I have been terrible about posting these days, and I’ve even let a few books go by without reviewing them. I’ll try to make up for it, but I really just don’t feel like I have the energy even to throw together a mediocre review. but oh well, here’s a lame attempt.
I wrote elsewhere that this is history at its (almost) most boring. not that the author falls short of covering a certain amount of information or of dissecting a few themes, but this is the kind of book — and his is the kind of narrative — that recapitulates classical historians whenever available, supplementing it with archeological data, recounting the step-by-step process of Roman invasion or the suppression of a national revolt. my interest in history goes way beyond (and in fact cares little for) the history of military exploits. the overall reconstruction of conquest from archeological data (from roads to forts, etc.) is very interesting and is a great achievement (the overall discovery, not necessarily is account of it), but it’s the kind of story that really needs to be supplemented with lots of interesting plates and maps (as opposed to one or two, which you constantly have to be flipping back and forth between, and even then it doesn’t really give you a real sense of the process).
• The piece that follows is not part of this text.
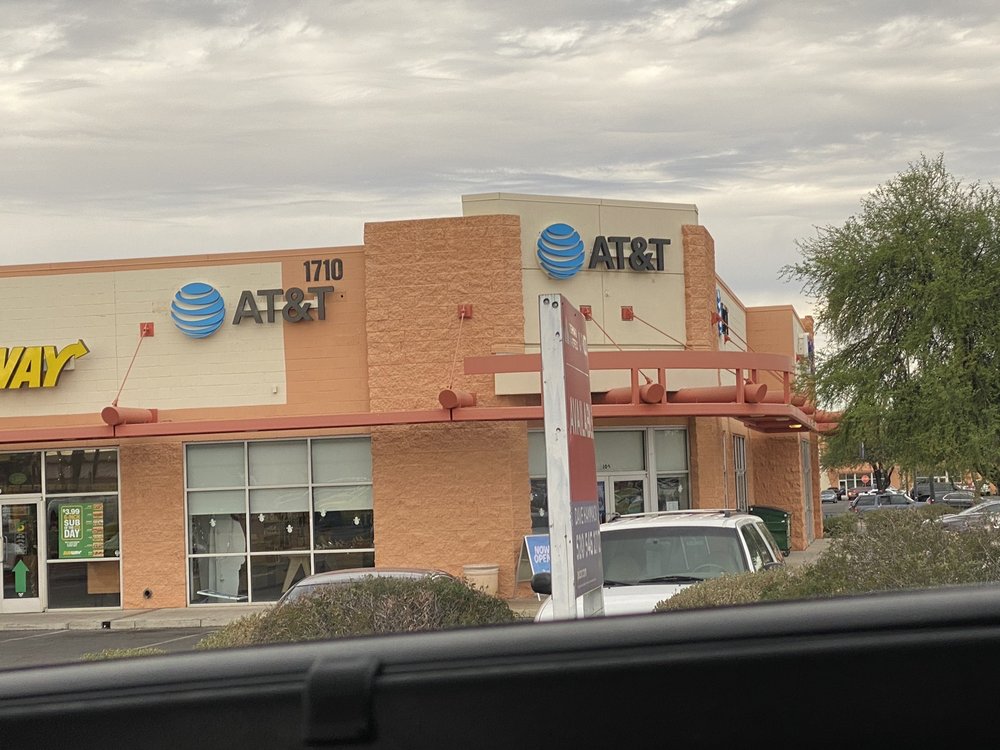 AT&T STORE 1710 W Valencia Rd, Tucson, Arizona Mobile Phones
I think recapitulation — in terms of the main root of the word — is the best term for his historical account. it’s as if he, a genuine master of the available material (historical and material), has been forced, at gunpoint, to give us all his information. it doesn’t come across as the account of someone truly fascinated by this story and inexplicably invested in our comprehension of it. not that every history book has to play to its audience and write like a novelist, but what the publishing historian should hope to produce is something that doesn’t sound like a Ben Stein Clear Eyes commercial in your head.
OK, with that out of my system, I can still say that the book provides valuable information for anyone wanting to study such a difficult period in British history. there are a few subject-centered themes (e.g., the conversion to Christianity, pre-Christian religion, Anglo-Saxon society), but they are not nearly as vivid and as interesting as I’d hoped. and I would have hoped for more excerpts from original sources (in Latin, Anglo-Saxon, Old Norse, etc.) in the text or in an appendix.